They are magicians, they magic desire.

- You weren't buying a Louis Vuitton bag,

you were buying the Louis
Vuitton marketing message.

And it has the logo on it,
it's shouting the brand.

- You'd pull out that
lipstick and put it on,

and there was a logo on the lipstick.

So it looked like you
could afford the dream,

but you just had a little
piece of the dream.

You couldn't afford the couture gown,

that had 100 hours of
embroidery and cost $120,000,

but you could get the lipstick
for $35 in the duty-free.

- It's easy for us to
become consumed, in a sense,

by materialism.

Now, materialism is fine.

We live in a material world.

I'm not saying that beautiful things

don't enhance our lives.

But in our culture, we're never happy.

It's, "When I get here I'm gonna be happy,

"when I have those new shoes,
when I go to that new party,

"when I get that country house,
when I get that new job."

You know, we will never be fulfilled

because this will continue
until the day we die.

- And you are to blame!

- But, no, it's bigger than that.

It is our entire culture.

Of course, I was a part of
it. We're all a part of it.

(delicate upbeat music)
(sewing machine rattles)

- [Jeanne] Hi!

How gorgeous have you become?

Look at you! I can't stop looking at you.

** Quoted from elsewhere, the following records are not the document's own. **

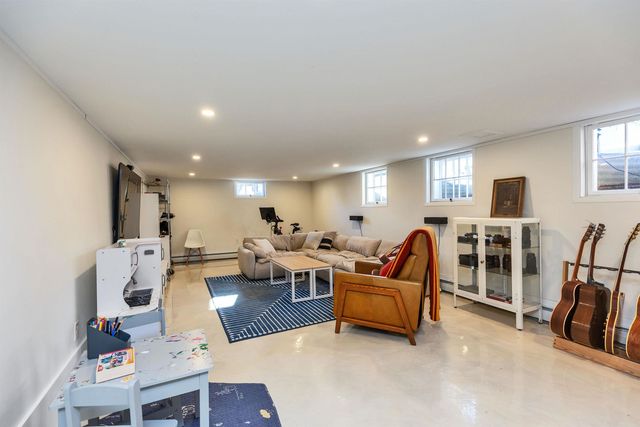 49 Sagamore Avenue, Portsmouth, NH 03801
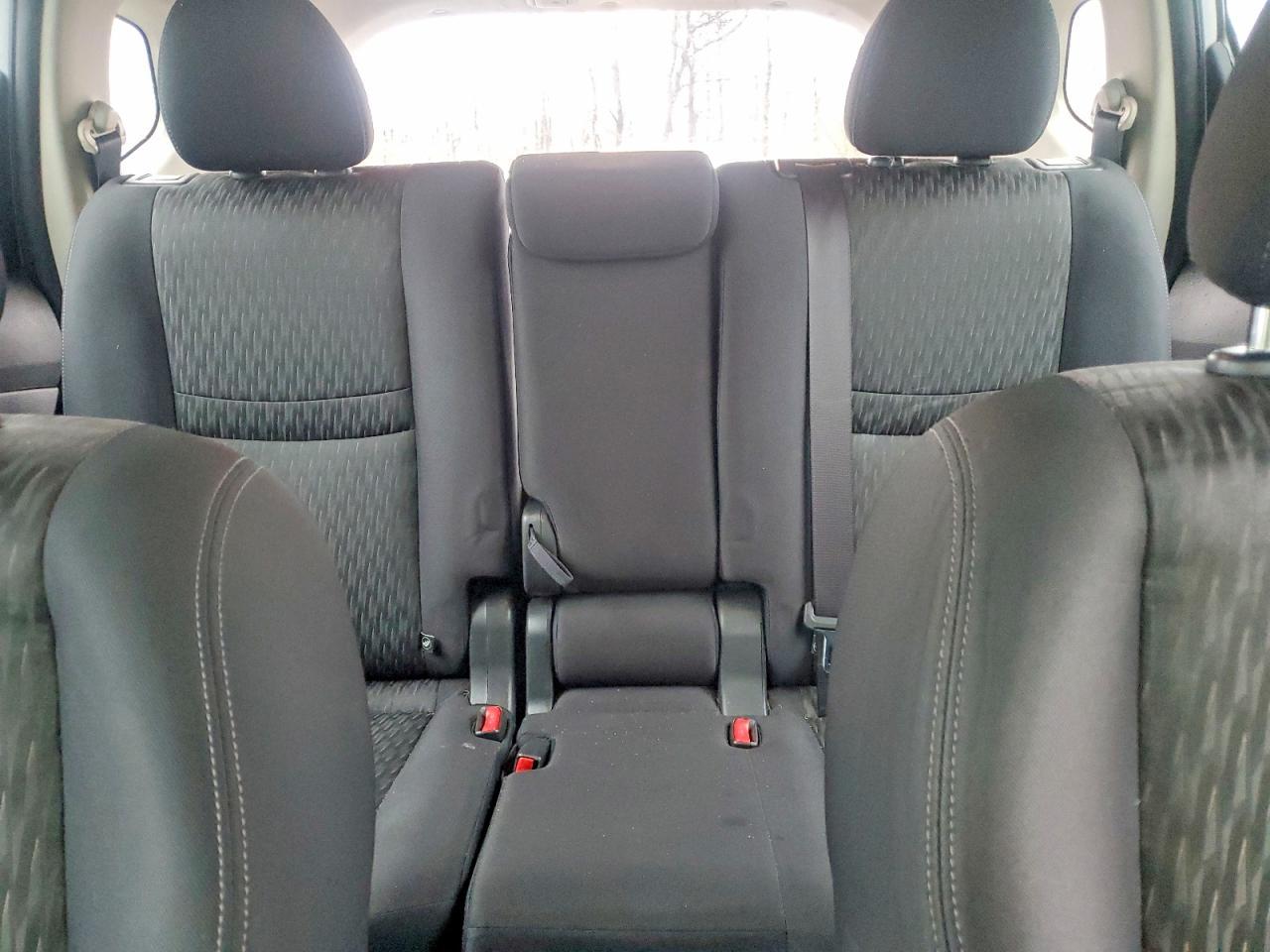 2018 Nissan Rogue S - zdjęcie 10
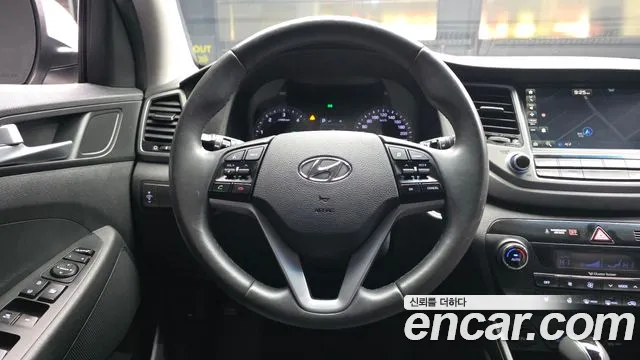 Hyundai Tucson 2017 — фото 19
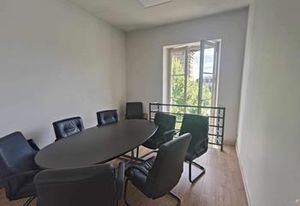 Location bureaux Bordeaux - Place de la Victoire, proche tram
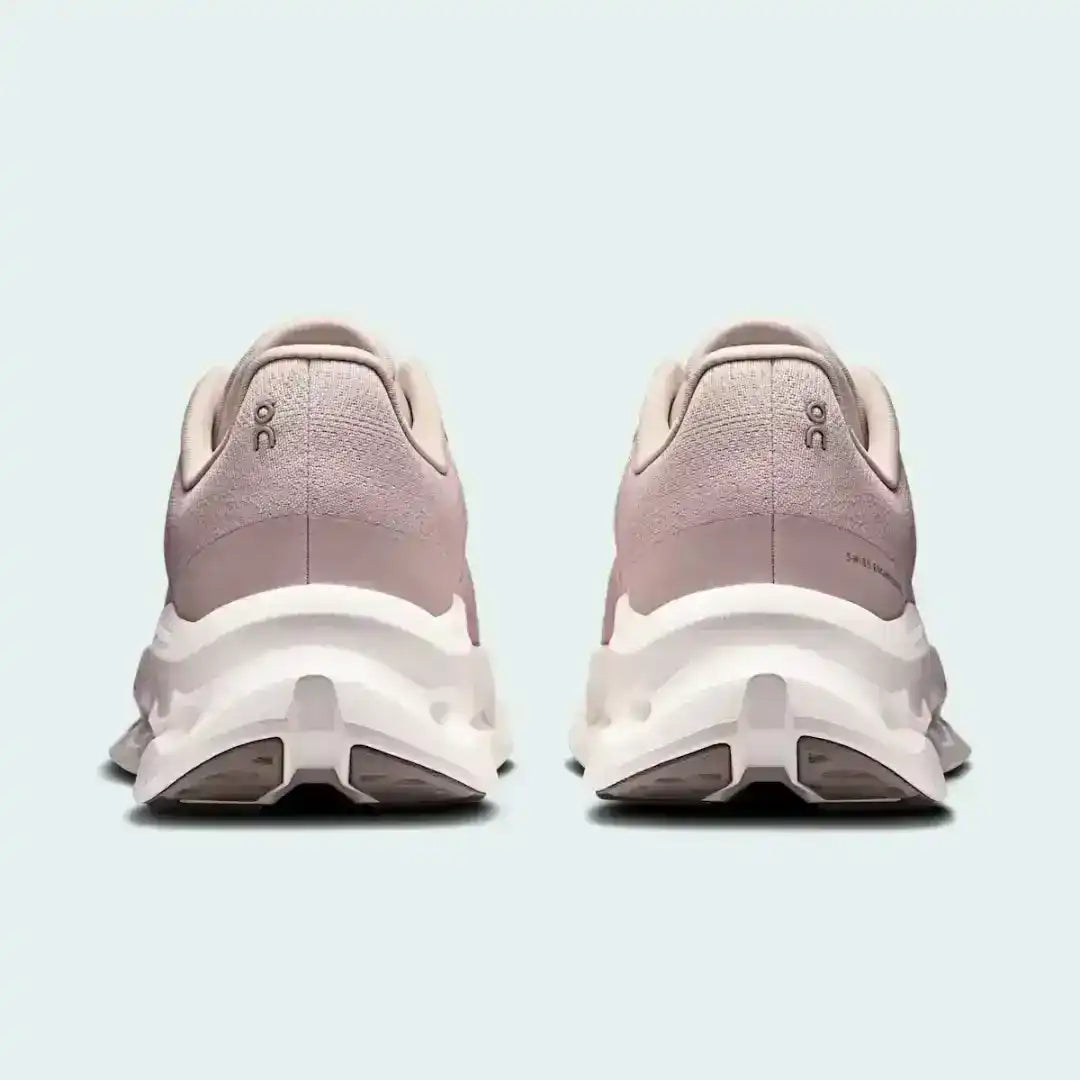 On Cloudtilt – Performance Comfort & Modern Design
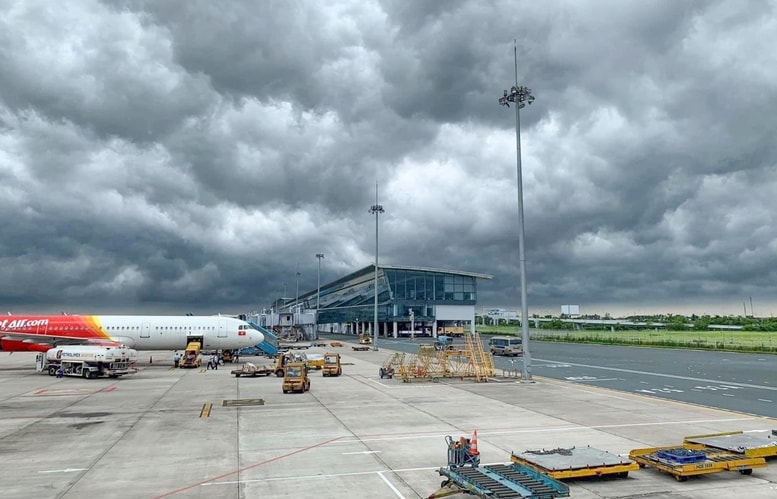 Airlines cancel dozens of Central Vietnam flights as storm Kalmaegi approaches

Oh, God! That's very fabulous,
to see you like this.

This new incarnation.

Sort of the new and improved McQueen.

- I had to become stronger myself

and strong physically for Paris

because I realised I was
gonna show here for good,

and I was gonna be competing
with the big league.

And mentally and physically,
you have to be strong for this.

(gentle thoughtful music)

- At Gucci I think they gave him

what he wasn't getting at LVMH.

He got healthier and happier

when he could focus back,
entirely, 100% on his own brand.

(audience cheering)
(audience applauding)

- Didn't he look great?

I said, "I am so fed up"

"with seeing these tracksuits and things.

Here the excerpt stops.